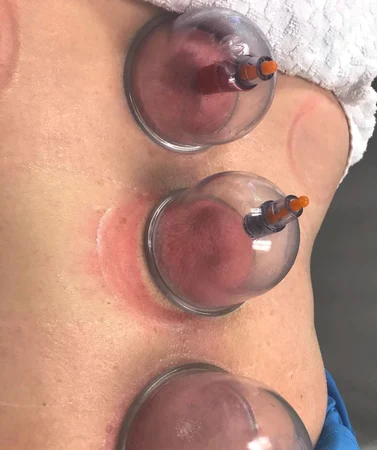 Jhe Massoterapeuta formada e experiente ! Massagem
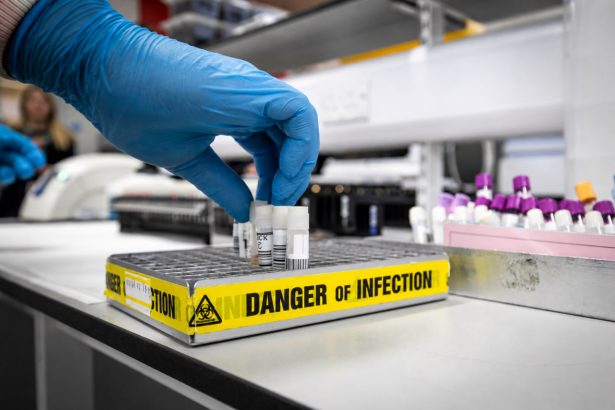 Kongo va qo‘shni davlatlarda Ebola xavfi kuchaymoqda: nimalar ma’lum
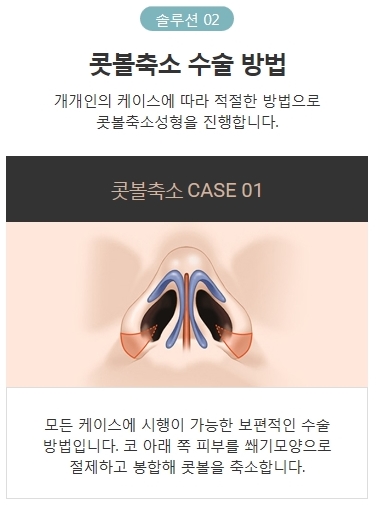 콧볼지방제거 세련된 이미지로 변신 관련 이미지 4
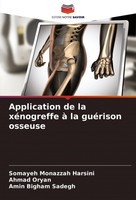 Application De La XéNogreffe à La GuéRison Osseuse Somayeh Monazzah Harsini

==========

*TASK BRIEF*:
Write out the listing word for word, omitting the pictures it holds.

*RESPONSE*:
 Jhe Massoterapeuta formada e experiente ! Massagem
 Kongo va qo‘shni davlatlarda Ebola xavfi kuchaymoqda: nimalar ma’lum
 콧볼지방제거 세련된 이미지로 변신 관련 이미지 4
 Application De La XéNogreffe à La GuéRison Osseuse Somayeh Monazzah Harsini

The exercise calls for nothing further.